American film, stage and television actor (1935–2023)

Robert John Yurgatis (February 28, 1935 – December 21, 2023), was an American film, stage and television actor. He was best known for playing Jack Flood in the American crime drama television series Target: The Corruptors!.

==Life and career==
Harland was born in Chester, Pennsylvania. He attended St. James High School for Boys, graduating in 1953. After graduating, he attended Columbia School of Broadcasting in Philadelphia, Pennsylvania, before working as a disc jockey and radio announcer in Wilmington, Delaware. He then studied at the American Academy of Dramatic Arts in Manhattan, New York, living in Greenwich Village, New York, and taking roles in the academy's stage productions.
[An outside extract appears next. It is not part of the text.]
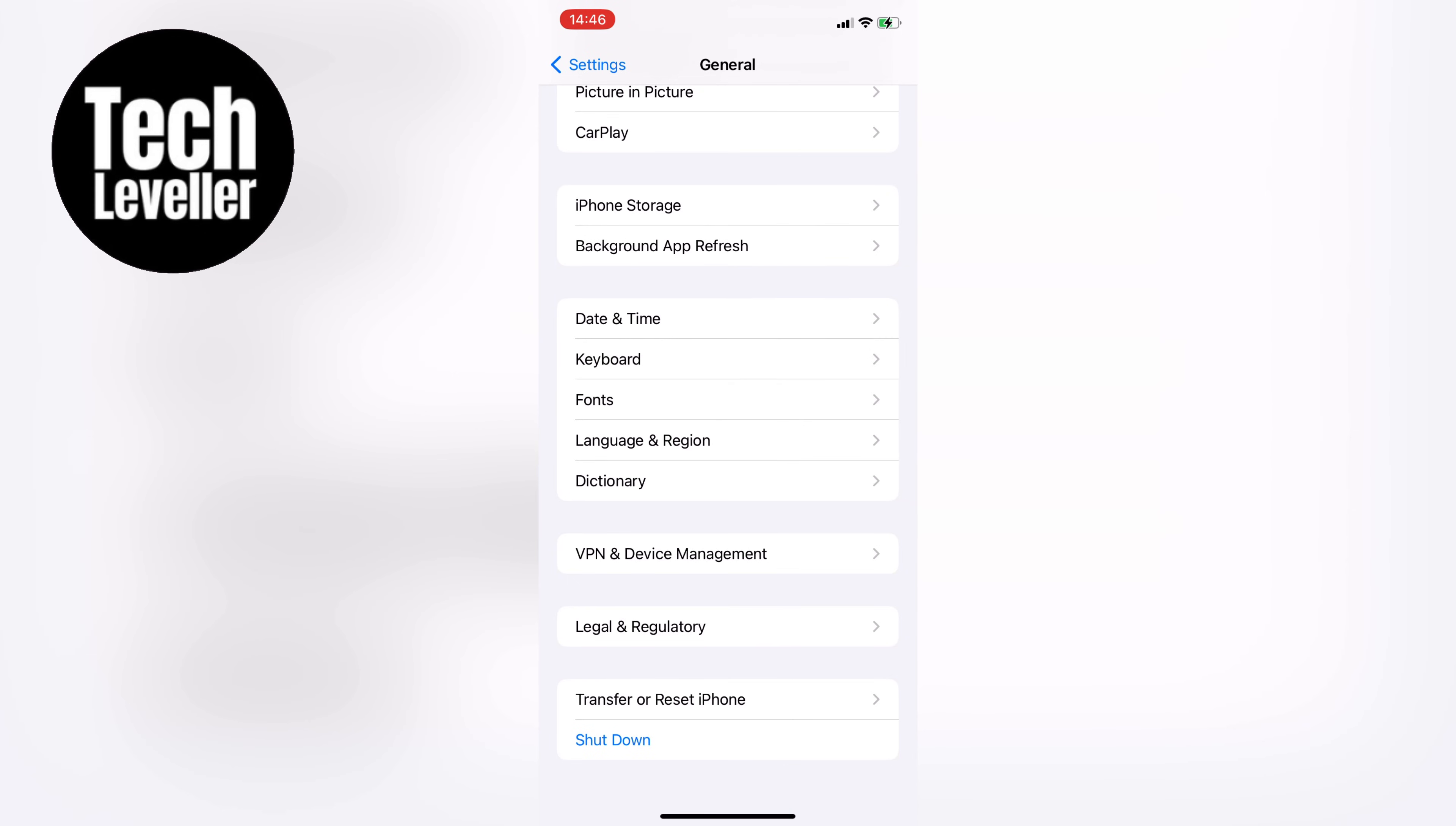Knowing whether your iPhone has been jailbroken is essential as it can compromise your device's security, and you might want to restore it back to the iOS that Apple provides and installs.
In 1957, Harland played the lead role in a production of Bus Stop at the Robin Hood Playhouse in Arden, Delaware. He used the stage name Harland. He began his screen career in 1958, starring as Hank Moore in the film As Young as We Are, starring along with Pippa Scott. In the same year, he made his television debut in the syndicated anthology television series The Silent Service. In 1960, he played the recurring role of Deputy Billy Lordan in the NBC western television series Law of the Plainsman.
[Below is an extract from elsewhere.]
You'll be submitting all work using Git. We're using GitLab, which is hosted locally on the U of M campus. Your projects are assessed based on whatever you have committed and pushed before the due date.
Later in his career, in 1961, Harland starred as Jack Flood in the ABC crime drama television series Target: The Corruptors!, starring along with Stephen McNally. After the series ended in 1962, he played the recurring role of Sgt. Older in the ABC police procedural television series The Rookies, and the recurring role of Colorado gubernatorial candidate James Rayford in the eighth season of the ABC soap opera television series Dynasty. He guest-starred in television programs including three episodes of Perry Mason, Outlaws, Petticoat Junction, Ben Casey, The Life and Legend of Wyatt Earp, Wagon Train, The Millionaire and Zane Grey Theatre.

Harland retired from acting in 1997, last appearing in the film The Rest of My Life.

== Death ==
Harland died on December 21, 2023, in Gloucester City, New Jersey, at the age of 88.